Starting from the line in which "Продаю 3 комн." appears, output every line down to the last line of the data below, exactly and without anything more.

RECORDS TO USE section start

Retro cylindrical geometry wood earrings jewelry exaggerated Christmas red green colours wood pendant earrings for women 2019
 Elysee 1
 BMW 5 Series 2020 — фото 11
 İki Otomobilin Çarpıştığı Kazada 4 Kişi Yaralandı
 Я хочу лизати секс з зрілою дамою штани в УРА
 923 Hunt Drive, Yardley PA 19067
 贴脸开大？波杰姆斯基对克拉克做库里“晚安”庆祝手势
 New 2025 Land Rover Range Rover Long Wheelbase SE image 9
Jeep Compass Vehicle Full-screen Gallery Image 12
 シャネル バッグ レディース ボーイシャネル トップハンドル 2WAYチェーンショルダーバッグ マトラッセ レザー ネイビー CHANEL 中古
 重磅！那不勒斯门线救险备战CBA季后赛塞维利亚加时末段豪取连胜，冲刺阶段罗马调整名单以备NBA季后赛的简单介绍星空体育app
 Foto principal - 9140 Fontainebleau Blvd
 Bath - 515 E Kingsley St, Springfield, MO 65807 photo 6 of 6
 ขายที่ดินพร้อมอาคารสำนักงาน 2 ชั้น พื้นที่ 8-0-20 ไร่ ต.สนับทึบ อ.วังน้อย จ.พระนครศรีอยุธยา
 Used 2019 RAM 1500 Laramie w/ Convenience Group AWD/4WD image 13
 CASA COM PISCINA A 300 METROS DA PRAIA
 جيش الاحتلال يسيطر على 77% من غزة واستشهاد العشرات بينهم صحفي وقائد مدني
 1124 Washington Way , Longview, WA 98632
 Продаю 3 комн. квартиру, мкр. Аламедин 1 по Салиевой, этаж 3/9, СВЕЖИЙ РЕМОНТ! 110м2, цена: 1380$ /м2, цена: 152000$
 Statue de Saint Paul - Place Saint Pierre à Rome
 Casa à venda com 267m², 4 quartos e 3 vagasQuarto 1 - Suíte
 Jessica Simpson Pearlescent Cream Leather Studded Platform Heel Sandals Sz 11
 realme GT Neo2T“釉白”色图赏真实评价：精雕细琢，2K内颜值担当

RECORDS TO USE section end

* ANSWER SECTION
 Продаю 3 комн. квартиру, мкр. Аламедин 1 по Салиевой, этаж 3/9, СВЕЖИЙ РЕМОНТ! 110м2, цена: 1380$ /м2, цена: 152000$
 Statue de Saint Paul - Place Saint Pierre à Rome
 Casa à venda com 267m², 4 quartos e 3 vagasQuarto 1 - Suíte
 Jessica Simpson Pearlescent Cream Leather Studded Platform Heel Sandals Sz 11
 realme GT Neo2T“釉白”色图赏真实评价：精雕细琢，2K内颜值担当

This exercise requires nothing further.